Why ‘big merger’ faces a big hurdleRelatively large ownership by a single entity is a potential roadblock to mergers and acquisitions.
Talks of mergers and acquisitions among Nepali banks has been on the rise in recent weeks. The latest Monetary Policy lays down measures meant to encourage banks to merge. By mid-July next year, commercial banks are required to maintain an average interest rate spread (the difference between rates on loans and deposits) of 4.4 percent from the current 4.5 percent; banks that complete mergers and acquisitions by that time will get a one-year extension. Also, by mid-July next year, commercial banks are required to float at least 25 percent of their paid-up capital in debentures; banks that decide to tie the knot by that deadline will get a one-year reprieve. A merged bank also does not have to seek Nepal Rastra Bank's approval to open new branches. Currently, the board of directors, CEOs and deputy CEOs are required to abide by a cooling-off period of six months during which they cannot join another bank. This restriction will not apply to executives of a merged bank.

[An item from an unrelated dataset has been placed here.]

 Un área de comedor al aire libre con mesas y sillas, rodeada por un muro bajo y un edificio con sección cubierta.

The argument for mergers and acquisitions goes something like this. There are just too many banks and financial institutions in Nepal. As of mid-June, there were 28 commercial banks (Class A), 32 development banks (Class B), 24 finance companies (Class C) and 91 micro-credit companies (Class D). Conceivably, larger banks should be able to fund large infrastructure projects individually. The existence of larger Nepali banks could also make it easier for them to branch into India. Bigger Nepali banks will be able to compete with foreign banks better on Nepali soil. These are all valid reasons. But how many is too many?
The history of competitive Nepali banking is brief. Formal banking began 80 years ago when Nepal Bank Limited was established in 1937. It was not until the 1980s and 90s that private entities entered the sector. Here is the rub. Of the 28, 14 were founded this century, meaning they are less than 20 years old. In other words, a good majority of the 28 have not witnessed enough cycles.

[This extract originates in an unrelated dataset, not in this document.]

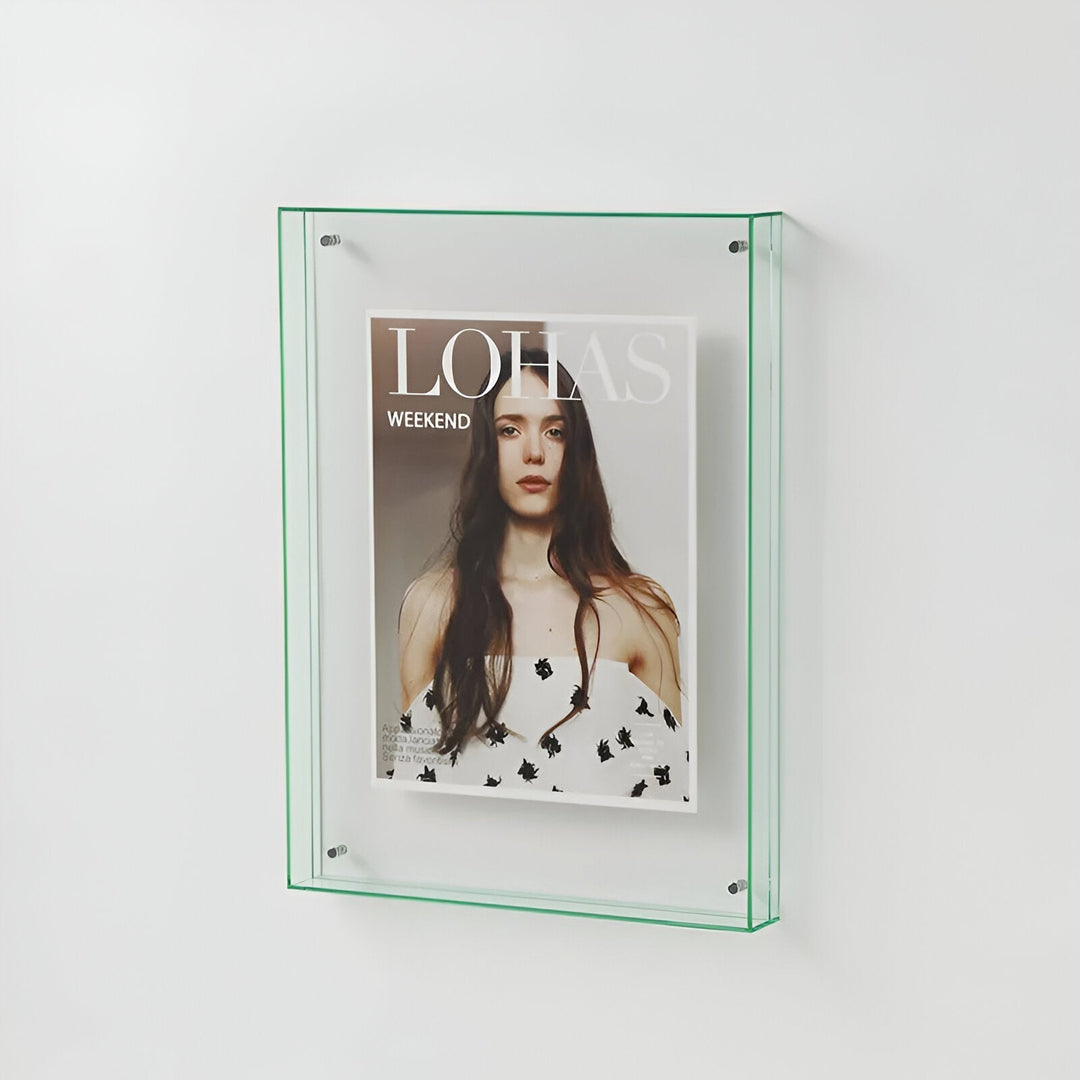 A clear acrylic picture frame with green trim, displaying a magazine cover with a woman&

It helps if one has been through cycles—both up and down. It is in a down cycle when the wheat gets separated from the chaff. This is the perfect time for the strong to be on the lookout for cheap assets to merge with or acquire. In Class C, for instance, 10 percent of the total loan portfolio was non-performing as of mid-June, versus 1.7 percent for Class A and 1.1 percent for Class B. Just using this metric, Class C is not faring well. However, they are nothing in size compared to their A and B peers. Acquiring Class C outfits should be a walk in the park for Class A institutions. But this will not help the commercial banks bulk up. To achieve that goal, they have to merge with each other.
In early July, Global IME Bank and Janata Bank—both Class A institutions—signed a memorandum of understanding to merge. A few days later, Citizens Bank (Class A) agreed to acquire Sahayogi Bikas Bank (Class B). Nepal Rastra Bank would love a virtuous cycle to begin. The reality, however, is a bit different. First and foremost, commercial banks are profitable. Loan demand far supersedes deposit collection. They are more than earning their cost of capital. In an environment like this, there is no urgency to consolidate through economies of scale or lower cost structures.

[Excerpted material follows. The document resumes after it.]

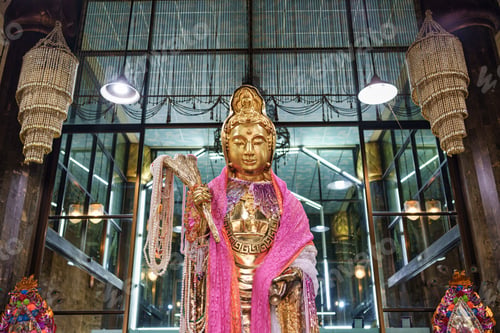 Preview: Golden Guan Yin statue with pink robe and pearl decorative inside glass temple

Big not necessarily better
Relatedly, in 2015, while announcing the 2015-16 Monetary Policy, Nepal Rastra Bank gave commercial banks two years to raise their paid-up capital from Rs2 billion to Rs8 billion, hoping this would set in motion a merger and acquisition cycle. Banks did bulk up, but by issuing rights and bonus shares. Since commercial banks now are more or less the same size, in all likelihood a new bank results from a merger of equals. This means that there is no strategic lever to push a merger or acquisition.
Of the 25 privately owned commercial banks, Nepal SBI Bank is 55 percent owned by the State Bank of India. The Standard Chartered Group owns 70.2 percent of Standard Chartered Bank Nepal. Punjab National Bank holds a 20 percent equity stake in Everest Bank. FMO of the Netherlands holds 17 percent of NMB Bank shares. Nepal Bangladesh Bank was established as a joint venture with IFIC Bank of Bangladesh, where the latter holds three of six board seats.
Relatively large ownership by a single entity is a potential roadblock to mergers and acquisitions, as more often than not such large players would like to maintain control or influence. This also applies to banks in which an individual or a family or a group of like-minded people own a significant chunk. It will be a miracle if Nabil Bank (Chaudhary Group) and Laxmi Bank (Khetan Group) merge. In the unlikely event that more banks follow in the footsteps of Global IME/Janata in the months to come, they will be fewer in number but much larger in size. In this scenario, if in due course a large bank goes belly up and the government steps in to save depositors, it is the taxpayers who will end up footing the bill. Big is not always better, particularly not if the merger and acquisition initiative is taken not to fulfil market demands but to fulfil the regulator’s wishes.